According to this, a randomised double-blind placebo-controlled trial into the effects of chiropractic treatment on infantile colic is to take place. Some will say “too little too late”, given that chiropractors have been claiming to “treat” or “help with” colic for some time now. I have a different concern. The notes on the planned trial state that “subgroup analyses will be performed to identify possible subgroups of infants who will benefit the most from the treatment”. My concern is that, even in the event that the trial does not show a benefit for chiropractic treatment of colic, advocates may claim that subgroup analysis shows that there is a benefit for some children and therefore chiropractic works as a treatment for colic. [The remainder of this post will consist mainly of copying and pasting from here and one or two other sources.]
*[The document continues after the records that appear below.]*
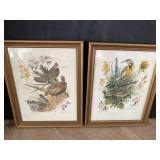 PR OF BIRD DIAGRAM PRINTS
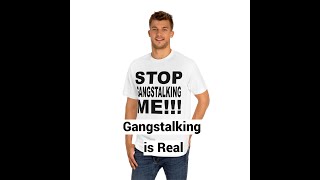 Gangstalking is Real Should be Studied Conference Keynote Speech [upl. by Gilbert524]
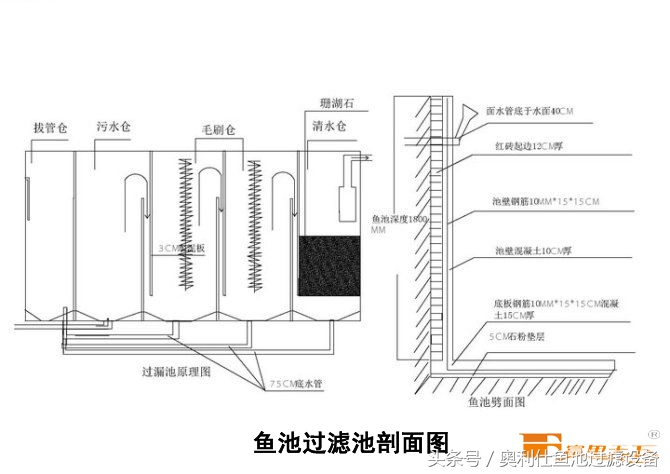 大型鱼池建造过程及施工方法,省钱鱼池建造过程及施工方法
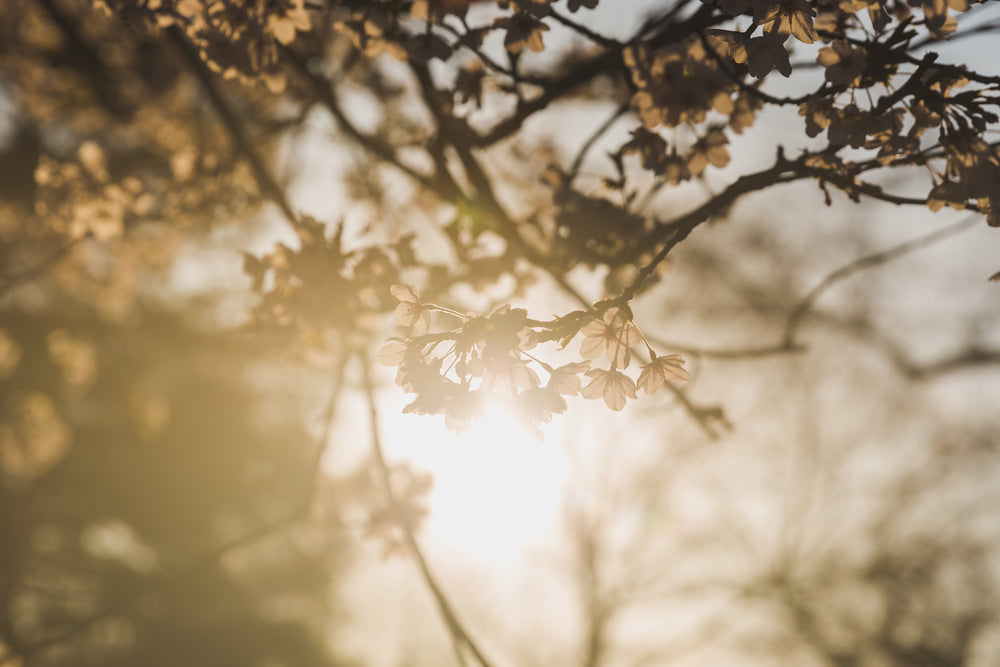 warm sunny cherry blossoms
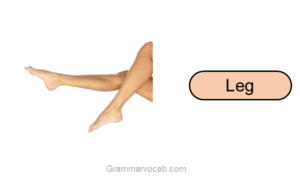 Human Body Parts in English With Images - GrammarVocab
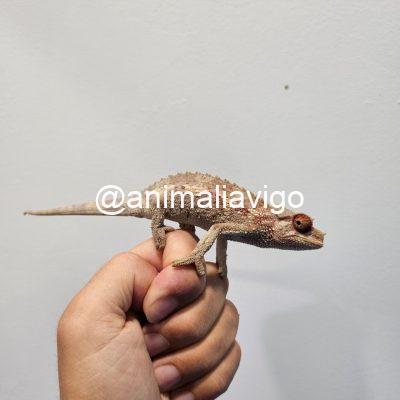 CAMALEON JACKSONII XANTOLOPHUS JUNIOR HEMBRA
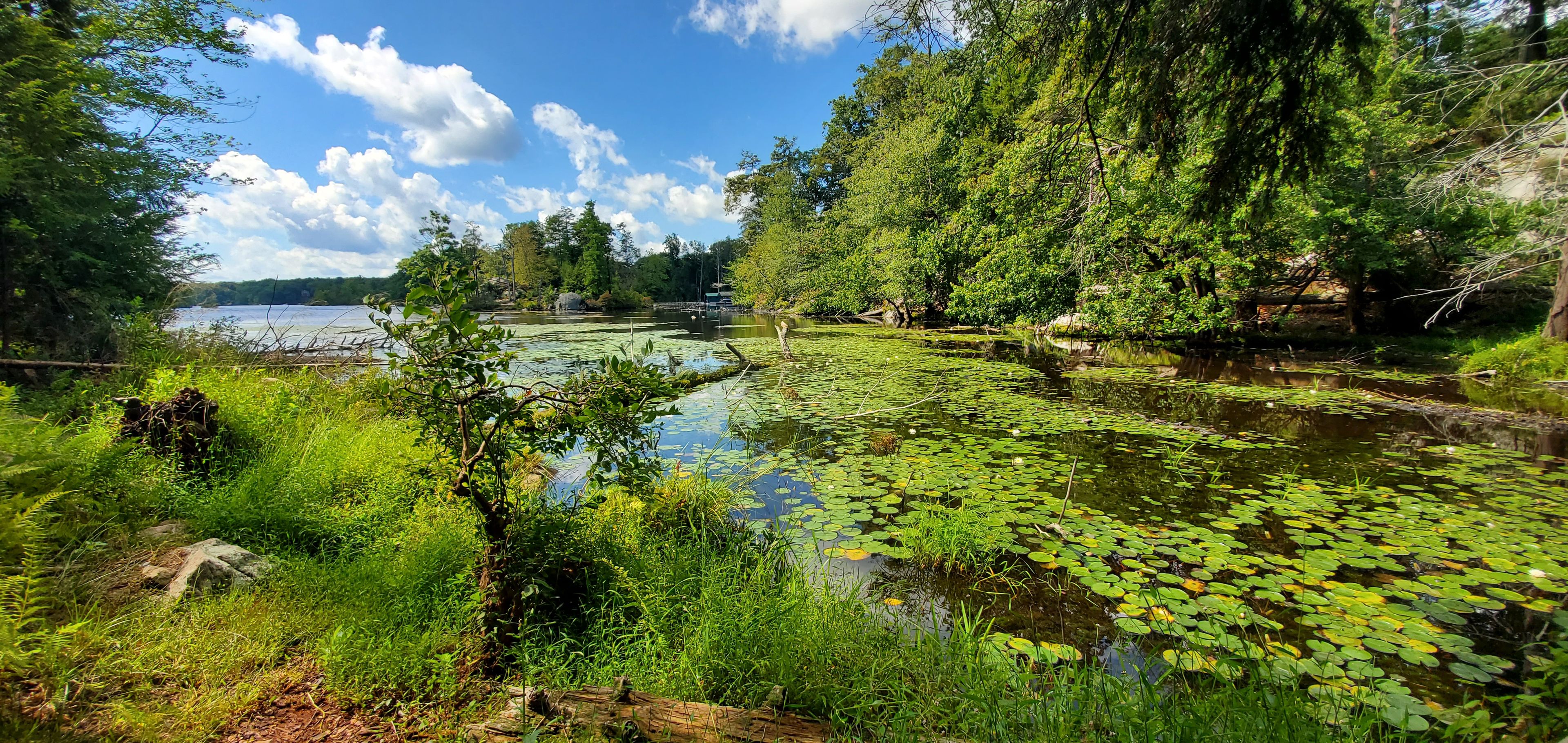 Cove on Bear Pond (as seen from the Lake Hopatcong Trail/ Highland Trail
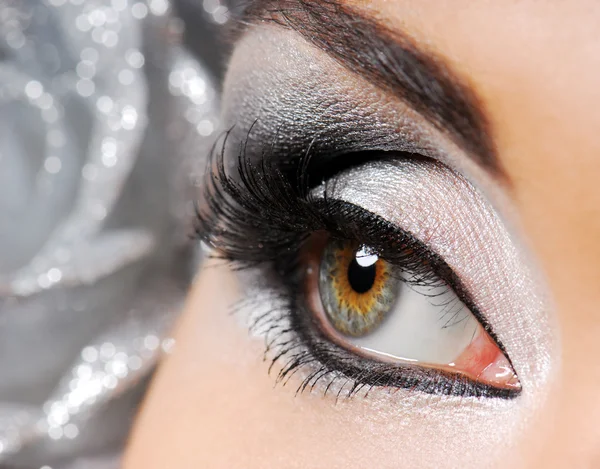 Fashion make-up of Woman eye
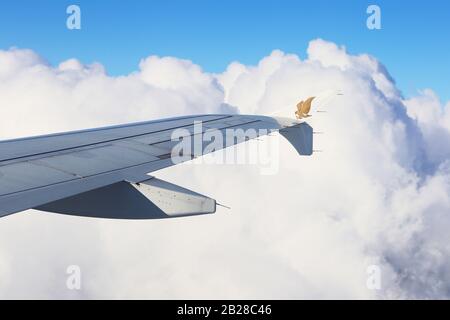 Goldener Falke mit goldenem Golfluftlogo im Winglet sieht aus wie ein Adler oder ein Vogel, der neben dem Flugzeug fliegt Stockfoto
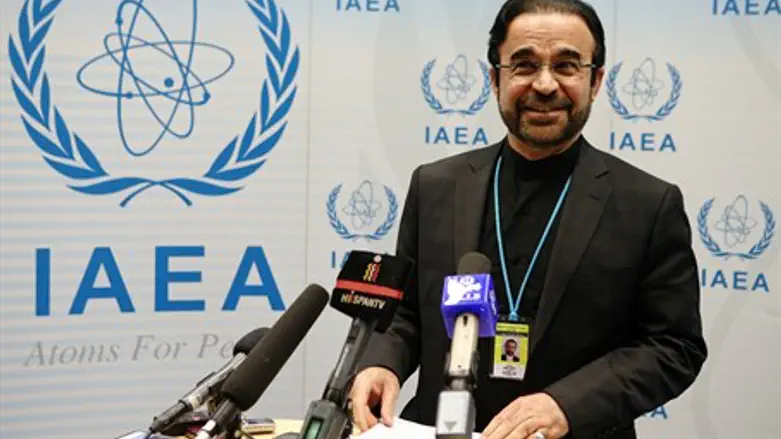Iran's ambassador to the IAEA Reza Najafi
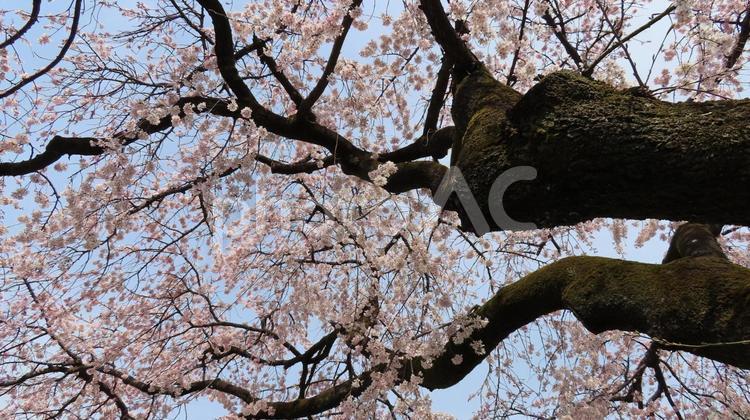 香積院　しだれ桜 香積院,味岡山,曹洞宗の写真素材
Ben Goldacre wrote in April about a trial of fish oil pills. Here are some quotes from the piece that I found interesting:
The fish oil pills did nothing, as in many previous studies, so this trial has not been press released by the company, nor has it been covered in the media. The funders of this study, Equazen, will doubtless have been disappointed with a negative result. The authors of the study may have been disappointed too. But there was some light on the horizon. They looked at the data more closely, and found that some children did, in fact, respond: “a subgroup of 26% responded with more than 25% reduction of ADHD symptoms and a drop of CGI scores to the near-normal range.”
Interestingly it turns out that you can show significant benefits, using a subgroup analysis, even in a fake trial, where the intervention consists of doing absolutely nothing whatsoever. 30 years ago Lee et al published the classic cautionary paper on this topic in the journal Circulation* […] They were not disappointed. Overall, as expected, there was no difference in survival between the two groups. But in a subgroup of 397 patients (characterized by “three-vessel disease” and “abnormal left ventricular contraction”) the survival of Treatment 1 patients was significantly different from that of Treatment 2 patients. This was entirely by chance.
You can also find spurious subgroup effects in real trials, if you do an analysis that’s foolish enough. Close analysis of the ECST trial found that the efficacy of a procedure called endarterectomy depended on which day of the week you were born on. Base your clinical decisions on that: I dare you.
At one point in the article, Goldacre points out that:
Subgroup analyses are widely derided in academia, and for very good reasons.
This article in the NEJM, meanwhile, begins by telling us that:
Subgroup analyses are an important part of the analysis of a comparative clinical trial. However, they are commonly overinterpreted and can lead to further research that is misguided or, worse, to suboptimal patient care.
I look forward to reading the trial of chiropractic for colic and hope that the subgroup analyses will not be overinterpreted and lead to misguided research or suboptimal patient care.
*This [PDF] is the Circulation paper that is mentioned in the Bad Science article.